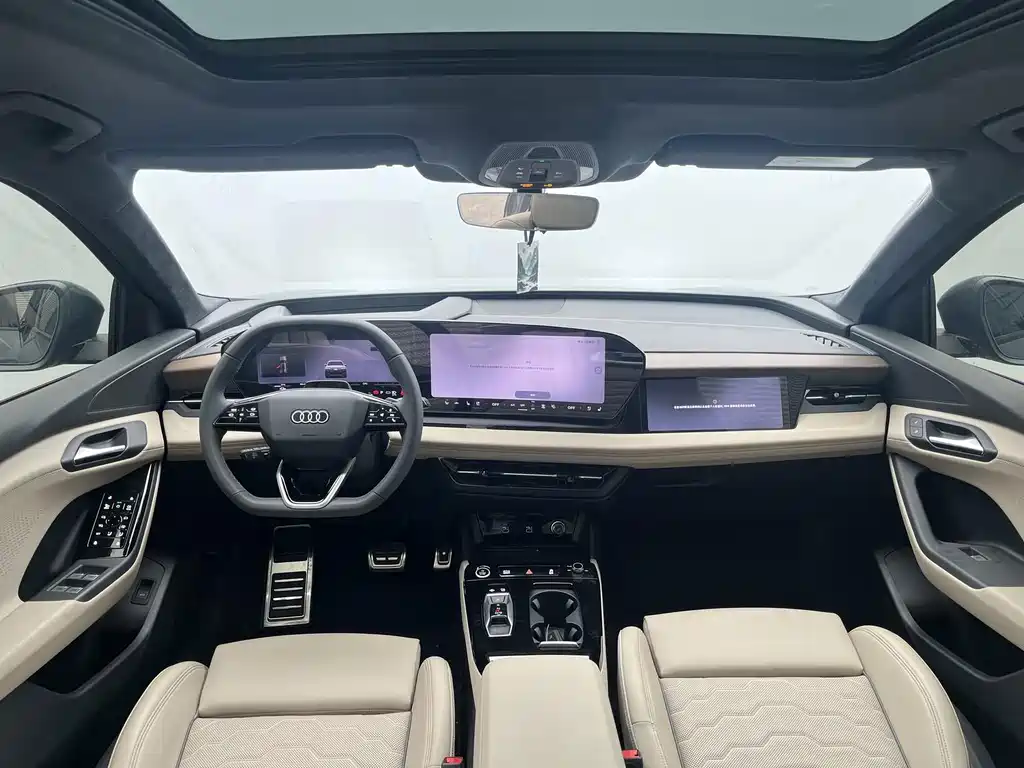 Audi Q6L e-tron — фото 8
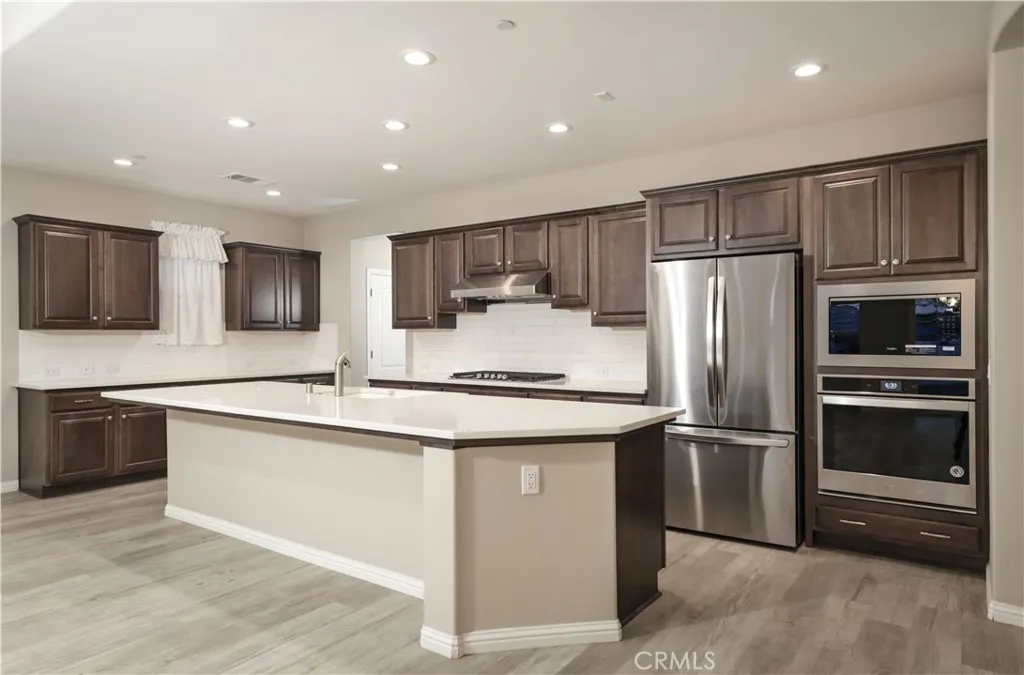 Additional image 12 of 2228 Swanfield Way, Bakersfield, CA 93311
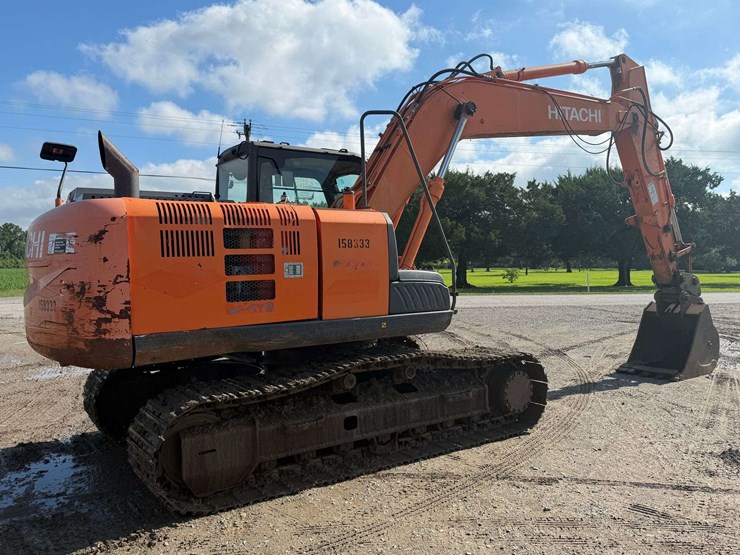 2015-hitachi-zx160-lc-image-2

...

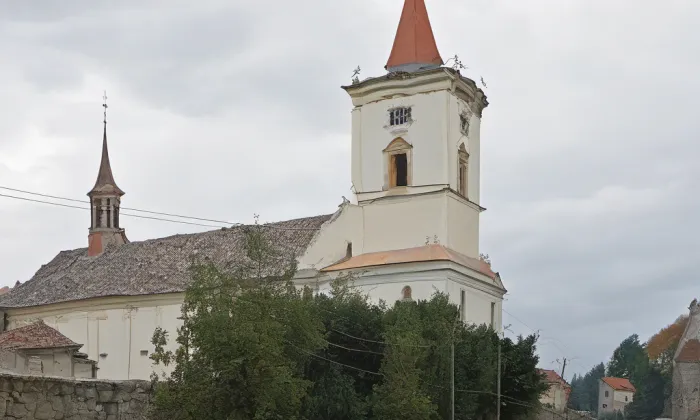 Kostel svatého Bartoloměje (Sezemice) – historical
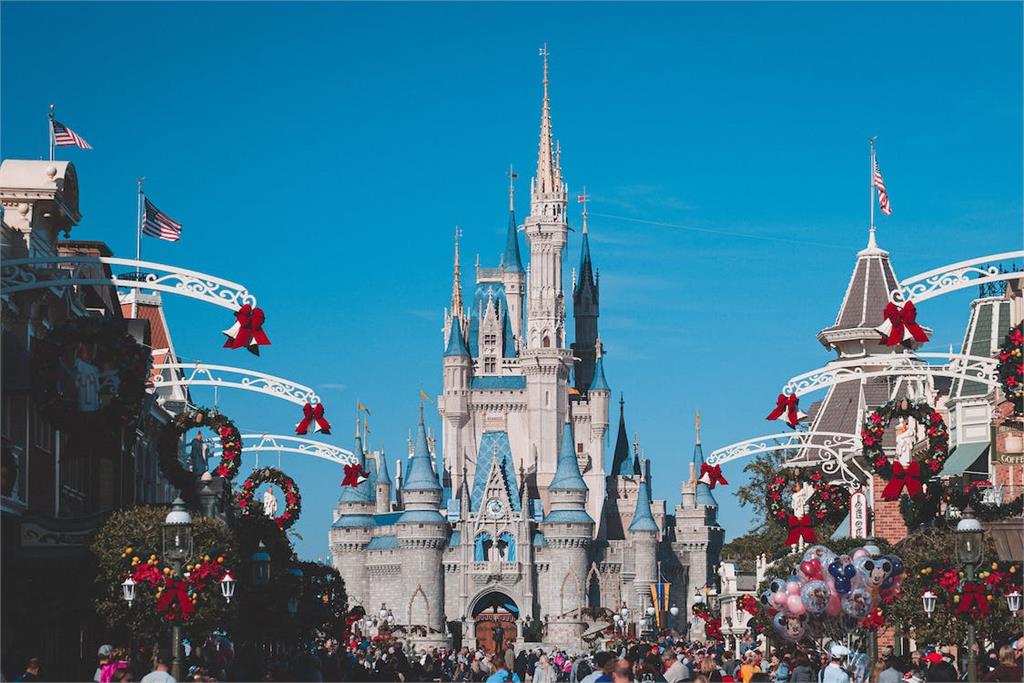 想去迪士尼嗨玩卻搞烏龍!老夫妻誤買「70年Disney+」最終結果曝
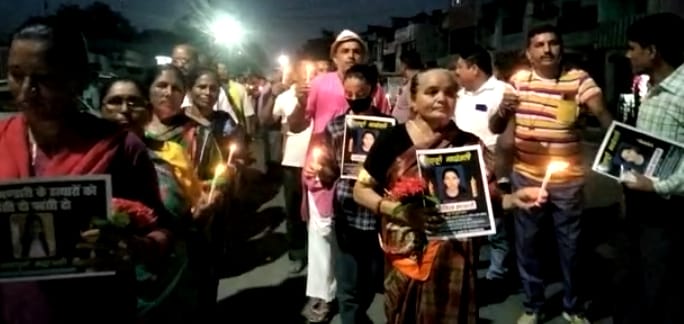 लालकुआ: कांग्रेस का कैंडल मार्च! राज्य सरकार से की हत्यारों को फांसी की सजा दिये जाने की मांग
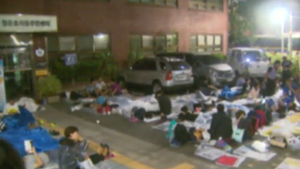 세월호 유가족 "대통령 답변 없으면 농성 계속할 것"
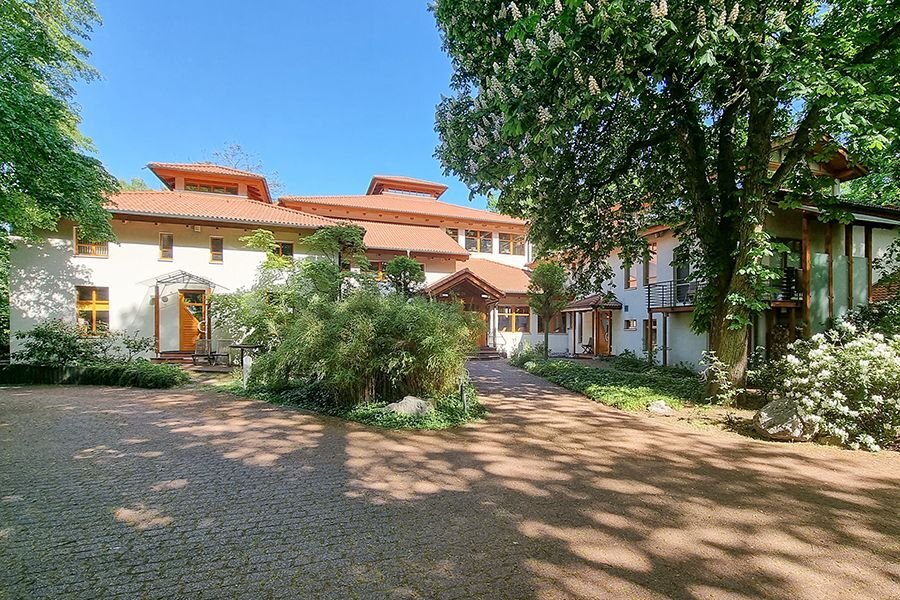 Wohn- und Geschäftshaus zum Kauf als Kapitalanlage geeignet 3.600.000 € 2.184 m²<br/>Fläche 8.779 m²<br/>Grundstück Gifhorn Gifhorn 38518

--

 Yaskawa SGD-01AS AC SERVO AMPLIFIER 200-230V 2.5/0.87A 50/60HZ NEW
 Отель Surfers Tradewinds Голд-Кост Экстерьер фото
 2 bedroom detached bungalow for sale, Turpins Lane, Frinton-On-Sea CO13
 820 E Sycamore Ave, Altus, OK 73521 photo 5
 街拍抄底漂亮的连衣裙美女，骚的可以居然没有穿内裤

Exercise » What you return must match the lines above from the one with "Audi Q6L e-tron — фото 8" through the one with "2015-hitachi-zx160-lc-image-2" exactly, with both ends included and the pictures excluded.

Answer to the problem »
 Audi Q6L e-tron — фото 8
 Additional image 12 of 2228 Swanfield Way, Bakersfield, CA 93311
 2015-hitachi-zx160-lc-image-2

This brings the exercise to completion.